Below is a brief summary of where our project stands currently.

The CCC Technology Center remains a signatory on the current contract, which expires at the end of December, but otherwise is no longer involved in managing the project. Note that this change does not affect the SSO Gateway, which many institutions have implemented to help with authentication.

The Community College League of California will assume responsibility for centralized project management, coordination and billing. For more on this emerging structure, please see Amy Beadle’s piece elsewhere in this issue.

All LSP work groups have been joined by new members, and some have new leads. Work groups propose system-wide policies, establish best practices, post information to their pages on the LSP wiki, and sometimes hold presentations for the benefit of our system. Note that two work groups, Systems and Professional Development, are no longer active. Faculty appointments to these groups are made by the Academic Senate for one year, and can be renewed by mutual agreement. Classified staff and administrators may also serve.

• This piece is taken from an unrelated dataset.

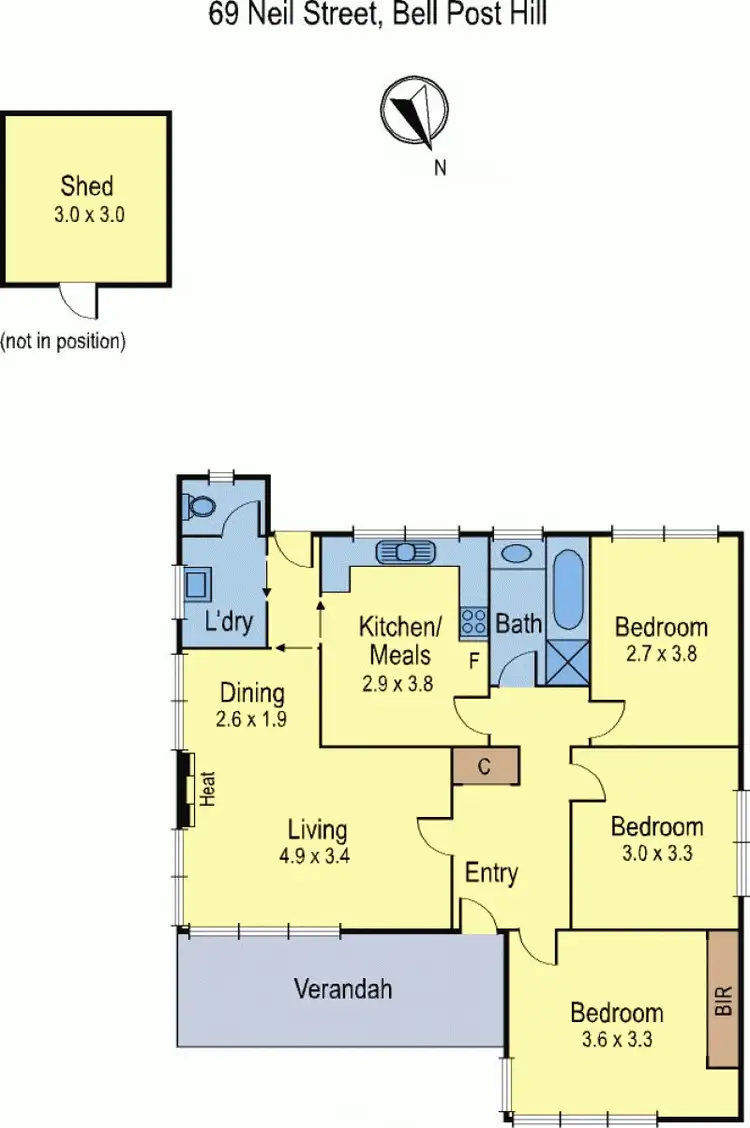 Floorplan of Homely house listing, 69 Neil Street, Bell Post Hill VIC 3215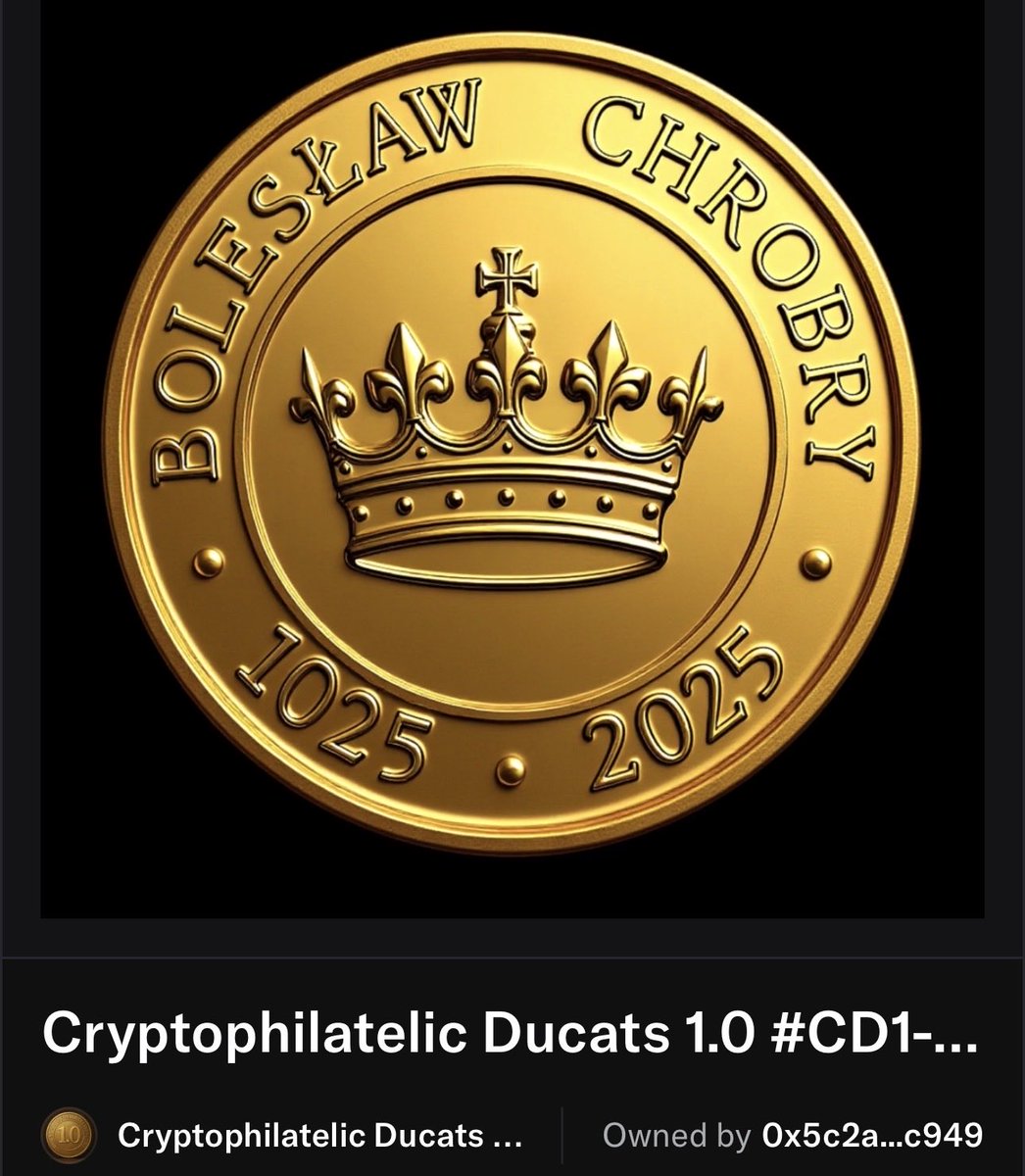 First collection of Cryptophilatelic Ducats issued by the Polish Cryptophilatelic Association #PZKF ⁦⁦<a href="/pzkfpl/">Polski Związek Kryptofilatelistów</a>⁩ referencing the popular Cryptophilatelic Thalers of Poczta Polska ⁦<a href="/PocztaPolska/">PocztaPolska</a>⁩ in cooperation with the ⁦community. Second Ducat 👑Bolesław Chrobry💛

The LSP Governance Committee meets monthly. This is a voting body with broad representation across our colleges. It considers policies proposed by the work groups, reviews progress, shapes communication and provides recommendations to various other organizations. You can view the committee charter, membership and meeting minutes at the LSP wiki

The CCL LSP task force continues to meet weekly to monitor emerging issues.

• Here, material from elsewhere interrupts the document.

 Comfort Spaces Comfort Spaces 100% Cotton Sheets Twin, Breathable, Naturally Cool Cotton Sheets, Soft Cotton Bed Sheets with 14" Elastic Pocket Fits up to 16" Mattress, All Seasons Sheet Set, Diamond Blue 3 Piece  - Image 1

The Council of Chief Librarians has hired an LSP consultant, Israel Yáñez, on a temporary part-time basis. Israel is assisting libraries who are completing their OCLC reclamation, implementing our WorldCat integration, and helping us set up processes for ongoing Network Zone (NZ) management. Jessica Hartwigsen, who served as our NZ manager in Spring 2020, is no longer with the project.

An NZ task force has been formed to carry out NZ maintenance and cleanup tasks. So far this group consists of our LSP consultant Israel Yáñez, Mary Wahl (Pasadena), Jeff Sabol (Long Beach), Stephanie Roach (San Mateo) and Ward Smith (Orange Coast).

The Governance Committee co-chairs and Library Consortium Director meet monthly with Ex Libris customer support to review outstanding issues in our system.

Ex Libris is staging a series of 90-minute “Knowledge Acceleration” webinars specifically for our consortium. With implementation now behind us, these webinars are intended to help us understand how to optimize Alma and Primo VE configuration and workflows.

The CCL LSP Task Force is coordinating a weekly webinar series to help with communication within our consortium about Alma and Primo VE and other topics of interest state-wide. Look for future announcements of topics and ways to provide input.

The LSP-All listserv is available to CCC library personnel for discussion of anything and everything related to the LSP.


With all the change and adversity facing our system and state, it’s important to remember how far we have come in this project. We have implemented a shared LSP across a large and diverse set of institutions. Our libraries are implementing Alma/Primo VE differently in light of differing student populations, IT environments, staffing situations, and library preferences. As we move forward, the experimentation and exploration various libraries have engaged in will help us develop and refine effective strategies and practices.

Let’s do more in the coming months to share our successes with the LSP, build collaborative efforts state-wide, and help each other achieve our end goal of making our collections and services accessible and helpful to our students.